Posted by attorney Judith Silver

The United Kingdom Patent Office states that the first patent was issued in London in the fifteenth century. In the United States, the first patent was granted in 1790. Patent is used to protect methods, processes and inventions.

When Do You Get a Patent?

After inventing a work, the inventor must apply for and obtain a patent from the USPTO.

What’s Required to Get a Patent?

In order to patent something, you should have a patent attorney, licensed to practice before the Patent Office, assist you with the application. Upon receipt of your application, the Patent Office will examine your application to determine if it meets the legal requirements for obtaining a patent. The requirements are extremely complex. However, simplified, the requirements are that your invention is:

· Novel: this mean it must not be known or used by others in this country, or patented or described in a printed publication here or abroad, or in public use or on sale in this country more than one year prior to the application for patent;

· Non-obvious: this means it must not be obvious to a person having ordinary skill in the pertinent art as it existed when the invention was made;

· Useful: this means that it must have current, significant, beneficial use as process, machine, manufacture, composition of matter or improvements to one of these. According to the Patent Office, “the word ‘process’ is defined by law as a process, act or method, and primarily includes industrial or technical processes. The term ‘machine’ used in the statute needs no explanation. The term ‘manufacture’ refers to articles that are made, and includes all manufactured articles. The term “composition of matter" relates to chemical compositions and may include mixtures of ingredients as well as new chemical compounds. These classes of subject matter taken together include practically everything which is made by man and the processes for making the products."

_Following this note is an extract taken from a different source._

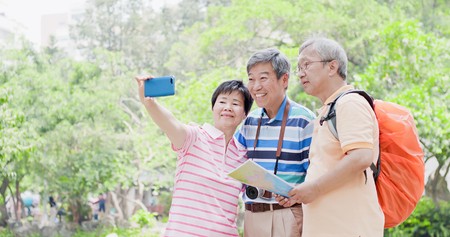 old travel people selfie happily in the parkの写真素材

Certain kinds of software and Internet-related processes merit granting of patents.

What do You Have When You Hane a Patent and Is There Any Risk

If granted, a patent gives you a 20-year monopoly on selling, using, making or importing the invention into the United States. Your patent gives you the right to exclude others from making, using, offering for sale, selling or importing the invention in the United States.

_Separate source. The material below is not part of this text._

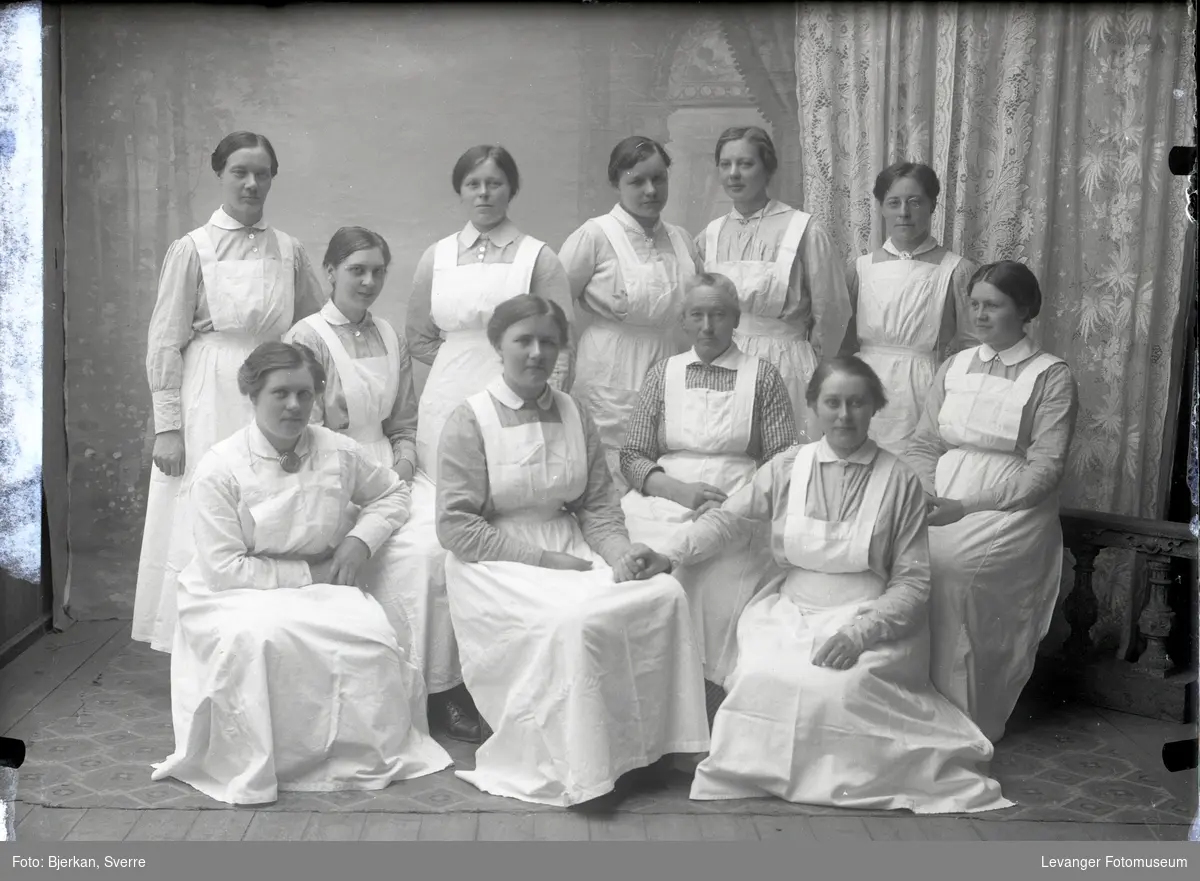 Gruppebilde av kvinner, sykepleieelever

You should be aware of two risks. First is that obtaining a patent can be expensive. You should consult your patent attorney to get a specific estimate, but the application process can take 3 to 5 years due to the understaffed and overburdened USPTO. The costs range from $10000 to $70000 depending on the time and complexity involved. Secondly, be aware that in exchange for the sales monopoly the patent gives you, your patent (i.e. how the invention works), becomes public information, once granted, so that others may learn from your ideas. This again reflects the Founding Fathers desire to give financial reward, in this case, the sales monopoly, and also foster further invention and free speech by disclosing the information to other inventors. Due to the disclosure result, many often opt not to seek patent rights so that they can keep their invention and ideas secret. Some items that can be patented can also be copyrighted or protected by trade secret law.